Primary sources are not only an integral part of History; they also prove to be valuable tools to enhance inquiry-based learning within the classroom.  I was interested to learn more about how to use primary sources and what types of Guided Inquiry activities are helpful in building students’ analysis and comparative skills with regards to historical sources. Whilst this paper was based in an American school context it did provide some excellent examples of how to use primary sources within a History class and what type of inquiry questions you can ask in order to help students develop their inquiring minds.

Murdoch, K. (2006). Inquiry learning: journeys through the thinking processes.
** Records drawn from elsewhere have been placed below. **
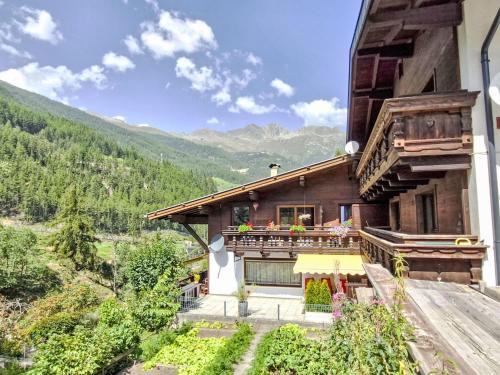 Pult | Soelden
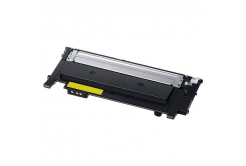 Samsung CLT-Y404S žlutý (yellow) kompatibilní toner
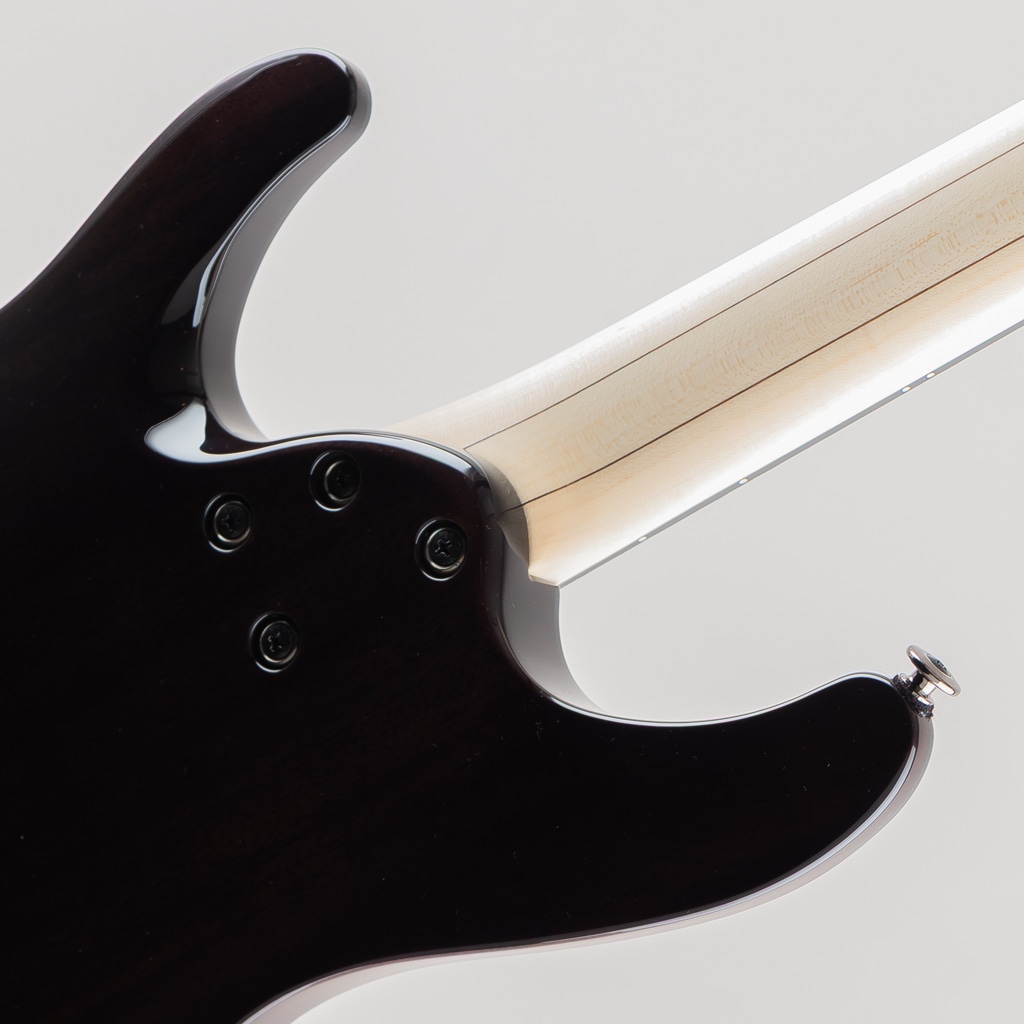 S6621AH / Transparent Gray Burst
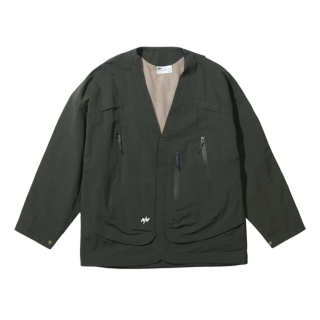 NINE POINT NINE TALUS KIMONO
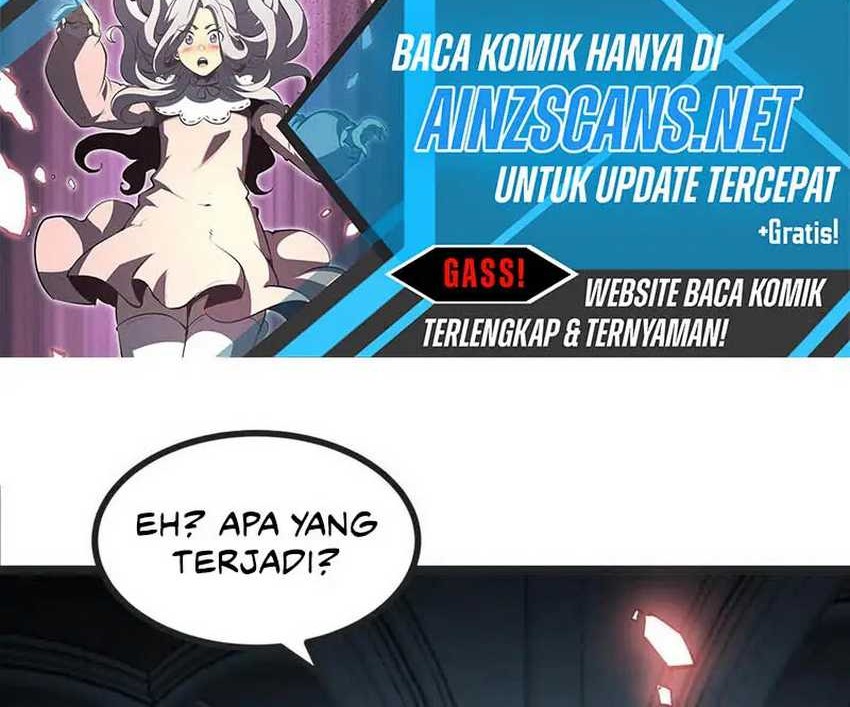 I Became The King by Scavenging Chapter 33 Gambar 26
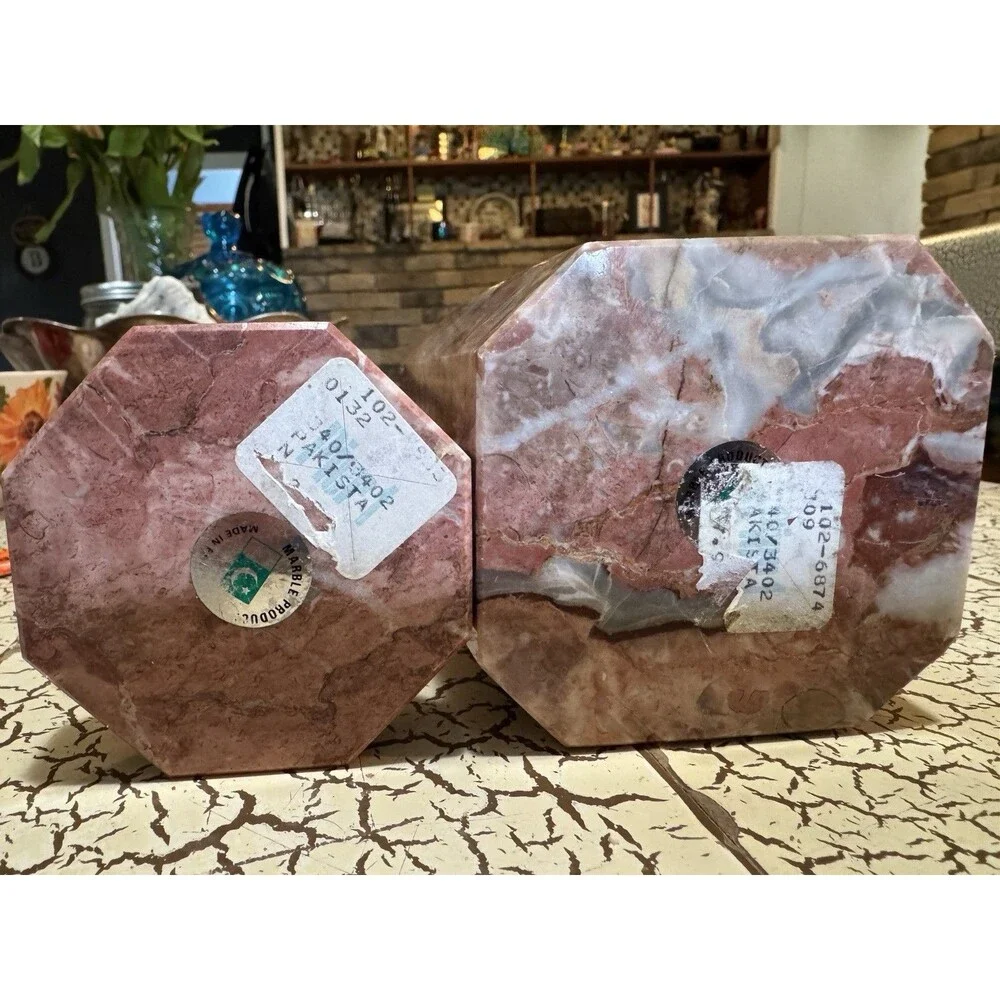 Marble Products this vintage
Teacher Learning Network, 13(2), 32-34. Retrieved from

Kath Murdoch is an education consultant and fellow of the University of Melbourne.  The focus of the paper is on the benefits of an inquiry-based approach to teaching and learning and what strategies you can employ in the classroom to help students develop their inquiring minds.  The article has been written for the Teacher Learning Network, so Murdoch’s targeted audience is that of teachers, administrators and anyone involved in education.  Murdoch has written many books for teachers including ‘Take a Moment’ (2005), and ‘Learning links: Strategic teaching for the learner-centred classroom’ (Murdoch and Wilson, 2004).  This is valuable source that provides a brief introduction into inquiry-based learning and some methods that can be adopted within the classroom, however for a more detailed approach to inquiry learning other sources would need to be consulted.

Queensland Studies Authority (QSA).  (2004).  Senior Modern History Syllabus. Queensland Studies Authority, Queensland. 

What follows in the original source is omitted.